Second I wanted find a polynomial $f\in \mathbb{Q}[X]$ so that $E$ is the splitting field of $f$ over $\mathbb{Q}$. Because I'm stuck with my first thought I don't understand how I can find such an $f$.
EDIT:
FIRTS
- let's name $\alpha$=$\sqrt{6}i-\sqrt{5}$. We're looking for a polynomal $f\in \mathbb{Q}$ so that $f(\alpha)$=0.
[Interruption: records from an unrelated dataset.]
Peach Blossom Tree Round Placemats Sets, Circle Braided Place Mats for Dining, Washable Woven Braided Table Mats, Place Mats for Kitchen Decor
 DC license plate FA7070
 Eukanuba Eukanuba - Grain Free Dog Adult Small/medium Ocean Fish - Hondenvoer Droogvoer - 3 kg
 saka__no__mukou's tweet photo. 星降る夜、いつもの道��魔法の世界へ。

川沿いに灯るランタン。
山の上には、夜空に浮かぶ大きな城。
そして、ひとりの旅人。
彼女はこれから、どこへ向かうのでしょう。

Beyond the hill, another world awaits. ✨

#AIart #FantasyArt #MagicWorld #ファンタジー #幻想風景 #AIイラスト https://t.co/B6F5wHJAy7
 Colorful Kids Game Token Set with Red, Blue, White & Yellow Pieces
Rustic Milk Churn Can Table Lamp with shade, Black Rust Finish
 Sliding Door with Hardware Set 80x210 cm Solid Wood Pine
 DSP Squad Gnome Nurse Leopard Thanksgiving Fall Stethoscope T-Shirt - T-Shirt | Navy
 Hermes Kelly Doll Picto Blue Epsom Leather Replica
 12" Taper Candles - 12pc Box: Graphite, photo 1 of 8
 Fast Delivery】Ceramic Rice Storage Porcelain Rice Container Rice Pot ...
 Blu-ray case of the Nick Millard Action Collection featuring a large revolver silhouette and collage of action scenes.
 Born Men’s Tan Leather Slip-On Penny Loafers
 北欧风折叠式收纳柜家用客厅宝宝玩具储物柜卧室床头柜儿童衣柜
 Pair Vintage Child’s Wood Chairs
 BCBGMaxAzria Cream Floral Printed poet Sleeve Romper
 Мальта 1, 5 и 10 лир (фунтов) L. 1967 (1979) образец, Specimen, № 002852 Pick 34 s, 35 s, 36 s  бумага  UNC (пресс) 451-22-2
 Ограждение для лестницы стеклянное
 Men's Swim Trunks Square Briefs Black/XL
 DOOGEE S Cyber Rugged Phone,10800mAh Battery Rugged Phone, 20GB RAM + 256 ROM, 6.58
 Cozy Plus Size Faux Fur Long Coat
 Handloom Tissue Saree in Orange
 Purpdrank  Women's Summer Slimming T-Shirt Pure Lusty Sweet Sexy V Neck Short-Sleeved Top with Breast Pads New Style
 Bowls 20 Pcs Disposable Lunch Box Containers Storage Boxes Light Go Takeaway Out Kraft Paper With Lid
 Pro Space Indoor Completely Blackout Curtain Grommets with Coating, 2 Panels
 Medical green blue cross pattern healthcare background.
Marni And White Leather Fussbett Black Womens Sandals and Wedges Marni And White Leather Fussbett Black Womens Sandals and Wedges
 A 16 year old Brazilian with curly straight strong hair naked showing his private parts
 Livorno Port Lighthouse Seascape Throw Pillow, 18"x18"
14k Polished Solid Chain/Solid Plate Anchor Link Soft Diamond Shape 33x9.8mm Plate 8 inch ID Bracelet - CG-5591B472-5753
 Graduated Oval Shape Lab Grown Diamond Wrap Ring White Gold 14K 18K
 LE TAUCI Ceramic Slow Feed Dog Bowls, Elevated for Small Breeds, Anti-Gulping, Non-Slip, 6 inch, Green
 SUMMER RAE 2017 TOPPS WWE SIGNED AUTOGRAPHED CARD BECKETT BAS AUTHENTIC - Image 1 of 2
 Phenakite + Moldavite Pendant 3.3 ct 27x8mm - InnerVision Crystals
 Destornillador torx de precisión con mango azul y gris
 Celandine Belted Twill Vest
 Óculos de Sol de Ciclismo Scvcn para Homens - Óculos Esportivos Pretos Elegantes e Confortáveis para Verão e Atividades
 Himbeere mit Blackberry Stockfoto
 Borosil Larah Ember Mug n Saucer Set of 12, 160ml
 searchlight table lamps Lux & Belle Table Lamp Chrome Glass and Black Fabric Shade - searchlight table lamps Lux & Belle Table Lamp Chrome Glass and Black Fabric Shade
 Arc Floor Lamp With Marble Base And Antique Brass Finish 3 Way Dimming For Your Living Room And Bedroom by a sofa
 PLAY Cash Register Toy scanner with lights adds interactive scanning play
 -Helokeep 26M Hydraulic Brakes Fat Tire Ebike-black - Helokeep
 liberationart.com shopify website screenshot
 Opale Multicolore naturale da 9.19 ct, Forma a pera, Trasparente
$\alpha^{2}$=$-1-2i\sqrt{30}$
$\alpha^{3}$=$-i\sqrt{6}+\sqrt{5}+2\sqrt{+}\sqrt{30}+2i\sqrt{5}\sqrt{0}$
$\alpha^{4}$=$1+4i\sqrt{30}-120$=$-119+4i\sqrt{30}$
Then follows that $\alpha^{4}+2\alpha^{2}+121=0$
we name $f(x)$=$x^{4}+2x^{2}+121$
Because $f$ isn't $0$ and has no points $x$ so $f(x)=0$ , is $f$ irriducibel. This means that $f$ is the minimal polynomal of $\alpha$ over $E$. Now we use the theorem of structure for simply field extension and it follows that {$1,\alpha,\alpha^{2},\alpha^{3}$} is a basis.
SECOND
- I'm still stuck proving this
Hint
$$(\sqrt 6i-\sqrt 5)^2=-1-2\sqrt{30}i$$ and thus $$((\sqrt6i-\sqrt 5)^2+1)^2+120=0,$$ i.e. $$x^4+2x^2+121=0$$ is an annilhator polynomial. I let you conclude.
An other way would be to show that $$\mathbb Q(\sqrt 6i,\sqrt 5)=\mathbb Q(\sqrt 6i-\sqrt 5),$$ and thus, a basis would be $$\{1,\sqrt 6i,\sqrt 5, i\sqrt{30}\}.$$